### Task statement:
Set down exactly the lines in the records below that run from the line with "Card holder stand" to the line with "På kartet til", inclusive, and nothing more.
START Recorded information
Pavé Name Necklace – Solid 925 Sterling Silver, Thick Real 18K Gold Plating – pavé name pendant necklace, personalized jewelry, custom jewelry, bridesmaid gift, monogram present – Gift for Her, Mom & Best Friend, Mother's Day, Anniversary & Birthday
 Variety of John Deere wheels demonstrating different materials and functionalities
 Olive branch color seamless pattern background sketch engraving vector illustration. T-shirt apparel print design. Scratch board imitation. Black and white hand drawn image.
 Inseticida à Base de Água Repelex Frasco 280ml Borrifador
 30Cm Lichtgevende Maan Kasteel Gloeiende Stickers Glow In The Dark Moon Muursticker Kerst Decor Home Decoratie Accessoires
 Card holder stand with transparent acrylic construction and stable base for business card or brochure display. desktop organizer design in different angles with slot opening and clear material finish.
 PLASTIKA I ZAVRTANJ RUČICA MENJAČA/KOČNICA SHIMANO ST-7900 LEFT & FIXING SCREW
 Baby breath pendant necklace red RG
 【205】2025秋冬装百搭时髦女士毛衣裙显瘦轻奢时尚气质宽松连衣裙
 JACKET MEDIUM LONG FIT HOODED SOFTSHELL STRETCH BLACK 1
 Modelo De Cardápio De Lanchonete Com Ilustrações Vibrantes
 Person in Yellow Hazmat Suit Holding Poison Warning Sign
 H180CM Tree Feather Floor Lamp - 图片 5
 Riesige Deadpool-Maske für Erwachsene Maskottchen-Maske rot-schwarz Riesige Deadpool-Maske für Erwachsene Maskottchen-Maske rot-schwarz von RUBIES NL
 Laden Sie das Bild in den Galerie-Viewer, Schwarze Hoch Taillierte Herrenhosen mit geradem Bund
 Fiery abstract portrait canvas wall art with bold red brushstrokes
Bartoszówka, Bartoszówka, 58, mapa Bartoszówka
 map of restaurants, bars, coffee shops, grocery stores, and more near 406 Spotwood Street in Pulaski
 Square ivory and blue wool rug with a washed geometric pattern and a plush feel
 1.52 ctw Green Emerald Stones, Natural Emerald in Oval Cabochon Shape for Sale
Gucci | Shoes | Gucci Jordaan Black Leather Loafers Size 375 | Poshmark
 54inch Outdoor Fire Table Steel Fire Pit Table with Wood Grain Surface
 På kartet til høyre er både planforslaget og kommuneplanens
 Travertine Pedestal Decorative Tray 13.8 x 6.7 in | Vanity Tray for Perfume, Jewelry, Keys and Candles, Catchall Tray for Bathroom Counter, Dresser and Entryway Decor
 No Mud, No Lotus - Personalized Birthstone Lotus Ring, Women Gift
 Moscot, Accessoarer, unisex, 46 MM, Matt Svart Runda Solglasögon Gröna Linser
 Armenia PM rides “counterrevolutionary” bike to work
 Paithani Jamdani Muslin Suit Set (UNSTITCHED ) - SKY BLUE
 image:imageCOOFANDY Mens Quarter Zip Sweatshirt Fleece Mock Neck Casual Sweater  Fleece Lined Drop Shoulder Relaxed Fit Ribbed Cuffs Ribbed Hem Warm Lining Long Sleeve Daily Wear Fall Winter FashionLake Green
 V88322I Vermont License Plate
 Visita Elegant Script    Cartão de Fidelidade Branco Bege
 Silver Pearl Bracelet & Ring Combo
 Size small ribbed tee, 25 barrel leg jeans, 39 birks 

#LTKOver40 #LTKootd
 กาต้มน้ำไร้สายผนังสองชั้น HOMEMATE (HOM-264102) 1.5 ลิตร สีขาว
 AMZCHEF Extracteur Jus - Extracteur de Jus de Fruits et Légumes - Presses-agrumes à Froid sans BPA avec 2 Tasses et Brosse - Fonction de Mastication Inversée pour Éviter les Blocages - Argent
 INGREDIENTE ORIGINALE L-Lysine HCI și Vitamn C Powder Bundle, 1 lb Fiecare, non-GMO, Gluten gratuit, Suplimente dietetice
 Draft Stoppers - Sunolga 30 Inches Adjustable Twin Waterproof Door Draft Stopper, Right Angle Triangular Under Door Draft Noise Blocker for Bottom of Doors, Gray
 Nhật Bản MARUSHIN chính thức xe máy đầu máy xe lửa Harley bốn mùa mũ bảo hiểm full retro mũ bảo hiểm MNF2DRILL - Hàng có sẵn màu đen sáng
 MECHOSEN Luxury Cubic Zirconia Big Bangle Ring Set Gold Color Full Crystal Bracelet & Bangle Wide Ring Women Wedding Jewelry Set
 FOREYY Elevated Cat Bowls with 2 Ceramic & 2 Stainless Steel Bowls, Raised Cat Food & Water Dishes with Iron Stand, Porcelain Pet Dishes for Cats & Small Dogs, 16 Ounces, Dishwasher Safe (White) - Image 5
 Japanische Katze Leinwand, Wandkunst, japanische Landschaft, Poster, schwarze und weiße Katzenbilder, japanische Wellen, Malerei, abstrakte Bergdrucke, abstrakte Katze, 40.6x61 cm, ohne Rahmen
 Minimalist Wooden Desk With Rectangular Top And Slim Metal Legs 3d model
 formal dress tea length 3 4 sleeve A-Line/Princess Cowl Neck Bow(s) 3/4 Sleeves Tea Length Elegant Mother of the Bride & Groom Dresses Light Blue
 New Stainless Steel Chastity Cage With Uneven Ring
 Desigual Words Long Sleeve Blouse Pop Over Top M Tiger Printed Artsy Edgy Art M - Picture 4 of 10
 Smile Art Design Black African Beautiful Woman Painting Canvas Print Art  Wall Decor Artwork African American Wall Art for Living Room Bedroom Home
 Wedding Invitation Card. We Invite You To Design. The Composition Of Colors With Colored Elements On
END Recorded information
### Exercise answer:
 Card holder stand with transparent acrylic construction and stable base for business card or brochure display. desktop organizer design in different angles with slot opening and clear material finish.
 PLASTIKA I ZAVRTANJ RUČICA MENJAČA/KOČNICA SHIMANO ST-7900 LEFT & FIXING SCREW
 Baby breath pendant necklace red RG
 【205】2025秋冬装百搭时髦女士毛衣裙显瘦轻奢时尚气质宽松连衣裙
 JACKET MEDIUM LONG FIT HOODED SOFTSHELL STRETCH BLACK 1
 Modelo De Cardápio De Lanchonete Com Ilustrações Vibrantes
 Person in Yellow Hazmat Suit Holding Poison Warning Sign
 H180CM Tree Feather Floor Lamp - 图片 5
 Riesige Deadpool-Maske für Erwachsene Maskottchen-Maske rot-schwarz Riesige Deadpool-Maske für Erwachsene Maskottchen-Maske rot-schwarz von RUBIES NL
 Laden Sie das Bild in den Galerie-Viewer, Schwarze Hoch Taillierte Herrenhosen mit geradem Bund
 Fiery abstract portrait canvas wall art with bold red brushstrokes
Bartoszówka, Bartoszówka, 58, mapa Bartoszówka
 map of restaurants, bars, coffee shops, grocery stores, and more near 406 Spotwood Street in Pulaski
 Square ivory and blue wool rug with a washed geometric pattern and a plush feel
 1.52 ctw Green Emerald Stones, Natural Emerald in Oval Cabochon Shape for Sale
Gucci | Shoes | Gucci Jordaan Black Leather Loafers Size 375 | Poshmark
 54inch Outdoor Fire Table Steel Fire Pit Table with Wood Grain Surface
 På kartet til høyre er både planforslaget og kommuneplanens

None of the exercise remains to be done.